Wanted/Needed/Loved: Sadie Dupuis’s Preloved Farfisa Organ


My dad played piano from when he was about nine years old. Last Passover, my aunt showed me photos of my dad’s high school band playing at her thirteenth birthday party. At that age, all he wanted was a Farfisa organ. This was in the mid-to-late 60s, so this instrument was showing up in a lot of songs like “Wooly Bully” and “Double Shot (of My Baby’s Love)” and then a little later on songs like “Time” by Pink Floyd and Led Zeppelin’s “Dancing Days.” Famously, Elton John also plays one on “Crocodile Rock.” While my dad’s uncle encouraged him to pursue the arts, his own dad didn’t. He worked a bunch of odd jobs and eventually bought himself a Farfisa. It became his most prized possession.

I don’t know how good he was, but he actually told me he played it in Television for one rehearsal. He said they realized they weren’t really a keyboard band and were more interested in guitars…

After that my dad worked a million different kinds of jobs in the music industry, which had him moving all over the place. He went to New Orleans where he managed the pianist James Booker, and instead of getting paid in cash, he got paid in piano lessons. He also did A&R for country artists including Kenny Rogers and No Wave acts like James Chance. He worked with ELO and DEVO at some point, too.

But by the time he met my mom and I was born, my dad had more of a “normal” job in the family insurance business and he wasn’t really connected to the music industry anymore. And in all of his moving around, somehow the Farfisa had vanished. When I was a little kid, he taught me to play music on a cheap upright piano in our apartment. The first song I ever wrote with him was on that piano, when I was in elementary school.

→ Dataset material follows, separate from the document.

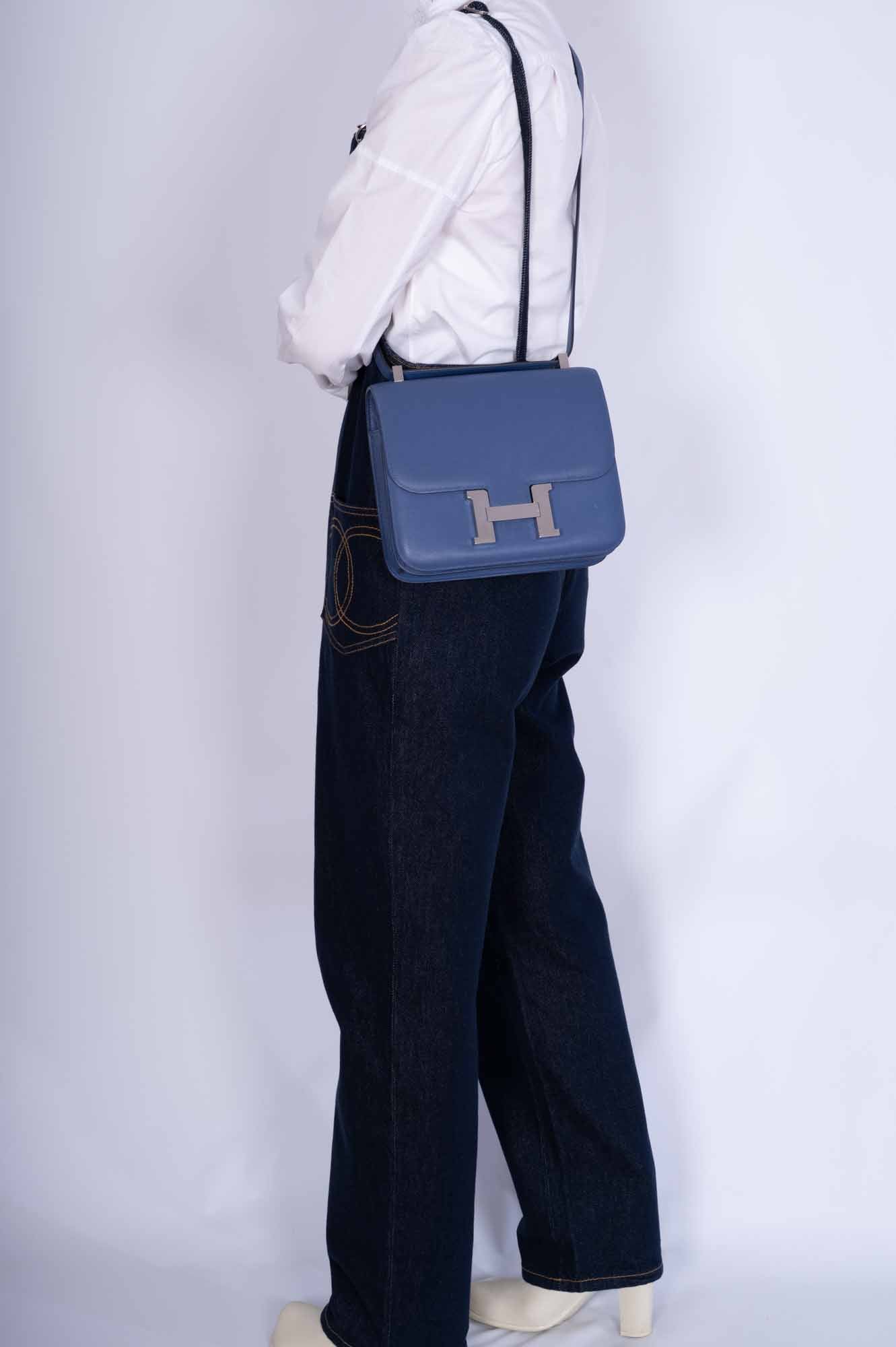 Hermès Constance 24 Bleu Brighton Evercolor Leather Palladium Hardware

When I first started playing the guitar it was actually my mom who was more encouraging. She was the one who bought me a midnight blue Made-in-Mexico Strat with a 2-tone ska strap, right after the Josie and the Pussycats movie came out. I played that forever in bands, even though it wasn’t considered cool or flashy enough, or whatever.

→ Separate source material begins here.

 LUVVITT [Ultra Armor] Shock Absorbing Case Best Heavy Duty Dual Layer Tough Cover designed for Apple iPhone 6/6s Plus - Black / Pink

I don’t think it was until maybe my nineteenth birthday that my dad got me a guitar—a legit, American-made Strat. I was getting serious about playing in bands, and thinking more about my gear. He was supportive, but also pretty critical at the same time.  My old Strat sounded harsh and would fall out of tune all the time, and I think he thought it was time for me to step up my game. For him, the new guitar was kind of a business investment.

He got himself a new guitar, too, a PRS, but he was always obsessed with that lost Farfisa, always talking about it, getting it back. Whenever we went to music stores together, that was always what he was looking for. This was in the 90s, before my dad was very active on the Internet, so they were hard to find. But even later on, he was still resistant to online shopping. I think I got him on Netflix only after I gave him access to my account!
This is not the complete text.